SafeMoEModel

A Safe, Robust Mixture-of-Experts (MoE) implementation with modern features.

Project Description

SafeMoE is a cutting-edge research platform designed to replicate and extend the state-of-the-art in Large Language Model architectures. It integrates the latest advancements from 2024/2025, enabling researchers to experiment with:

SOTA Architecture:
- DeepSeek-SiGLE Style: Hybrid architecture combining Shared Experts ("Always-On") with Routed Experts for optimal knowledge separation.
- Mamba 2 SSM: Linear-time sequence modeling via Structured State Space Models (SSD) for long-context efficiency.
- SwiGLU & GQA: Modern MLP activiations and Grouped Query Attention for inference speed.
High-Performance Training:
- Vectorized Einsum: Highly optimized expert computation that completely avoids Python loops.
- Expert Parallelism: Distributed "All-to-All" communication for scaling to massive expert counts across GPUs.
Full-Stack Alignment:
- Reasoning (System 2): GRPO (Group Relative Policy Optimization) + Verifier for training reasoning models without a Critic (DeepSeek-R1 method).
- Preference (Post-Training): Native support for DPO, ORPO, and SimPO for robust human alignment.
Agentic Capabilities:
- Built-in ReAct loop and Tool abstraction for building autonomous agents.

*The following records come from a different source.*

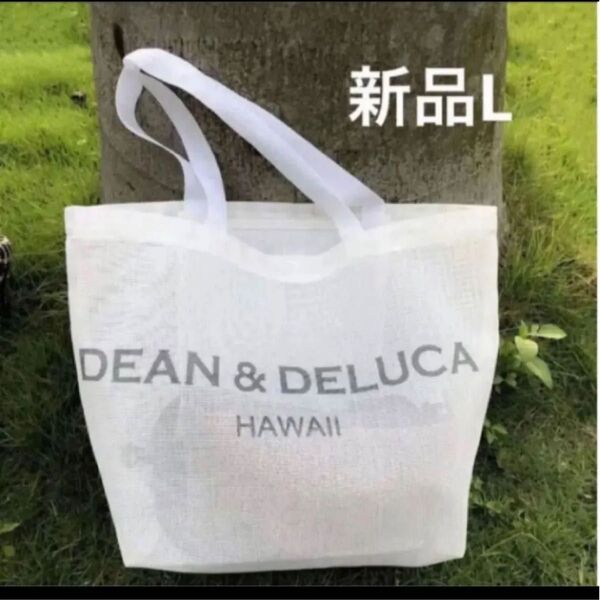 新品 メッシュDEAN&DELUCA ディーンアンドデルーカ ホワイト トートバッグL ディーン&デルーカ ハワイ限定 白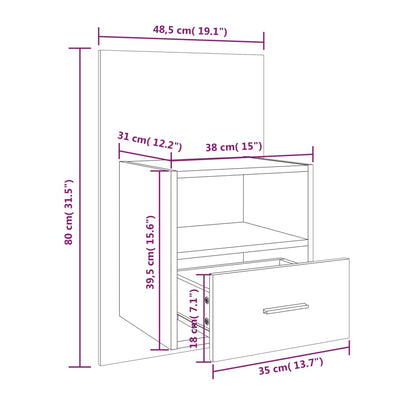 vidaXL Tables de chevet murales 2 pcs Blanc brillant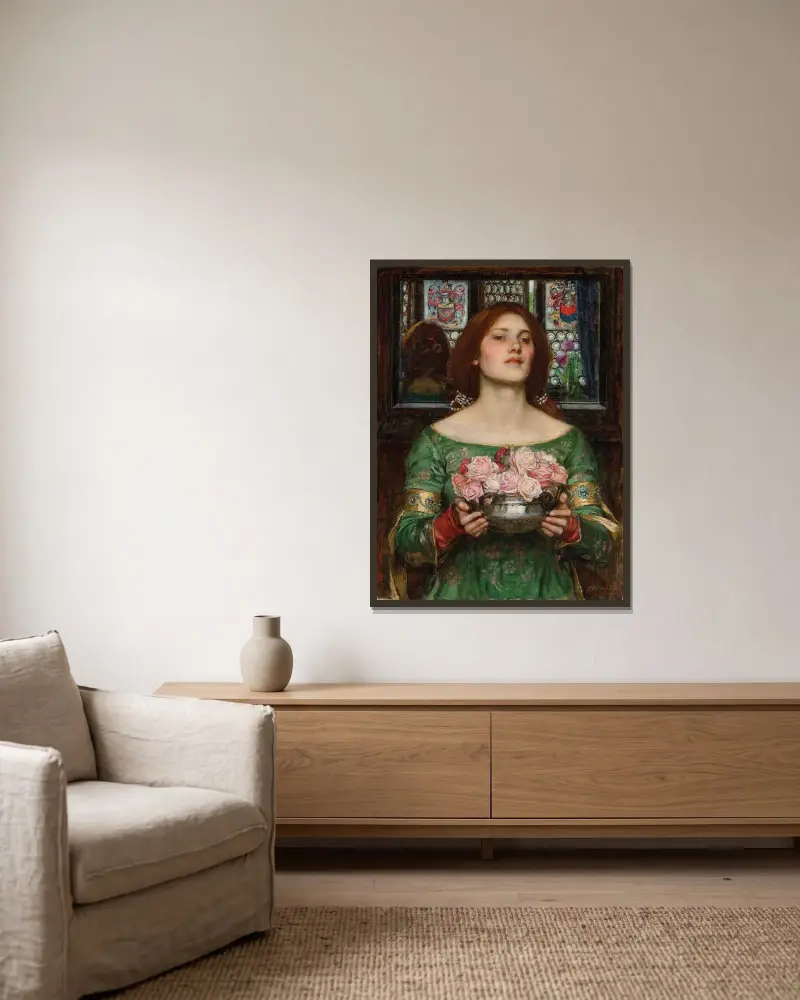 Gather Ye Rosebuds While Ye May av John William Waterhouse inramad på en vägg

Whether you are building the next reasoning model or an efficient long-context assistant, SafeMoE provides the modular, verified building blocks you need.

Project Structure

SafeMoEModel/
├── safemoe/                    # Main Package
│   ├── __init__.py             # Public API exports
│   ├── config.py               # Centralized Configurations
│   ├── agent.py                # Agent & Tool Definitions
│   ├── inference.py            # High-level Inference Engine
│   ├── layers/                 # Foundational Layers
│   │   ├── attention.py        # MultiHead & Grouped Query Attention
│   │   ├── rope.py             # Rotary Positional Embeddings
│   │   ├── cache.py            # KV Cache for Autoregression
│   │   └── engram.py           # N-gram Memory
│   ├── models/                 # Model Architectures
│   │   ├── moe.py              # Standard SafeMoE
│   │   ├── moe_vectorized.py   # Vectorized SafeMoE
│   │   ├── distributed_optimized.py # SwiGLU + Distributed Expert Parallel
│   │   ├── ssm.py              # Mamba 2 Mixer (SSD)
│   │   └── block.py            # Transformer Blocks
│   └── training/               # Training Components
│       ├── post_train.py       # DPO/ORPO/SimPO Losses
│       └── reasoning.py        # GRPO + Verifier Logic
├── examples/                   # Usage Examples
│   ├── benchmark_moe.py        # Performance benchmarks
│   └── train_demo.py           # Training demos
├── tests/                      # Comprehensive Test Suite
│   ├── test_agent.py           # Agent capabilities
│   ├── test_reasoning.py       # GRPO/RL tests
│   ├── test_post_train.py      # Preference learning tests
│   └── ...
└── requirements.txt            # Dependencies

Features

Core Safety

Safe Routing: Automatic fallback to dense FFN when:
- Routing confidence is below threshold
- Expert capacity overflows
Z-Loss: Stabilizes router logits during training
Vectorized Expert Computation: SwiGLU + Einsum based batched execution (1.5x - 2x faster)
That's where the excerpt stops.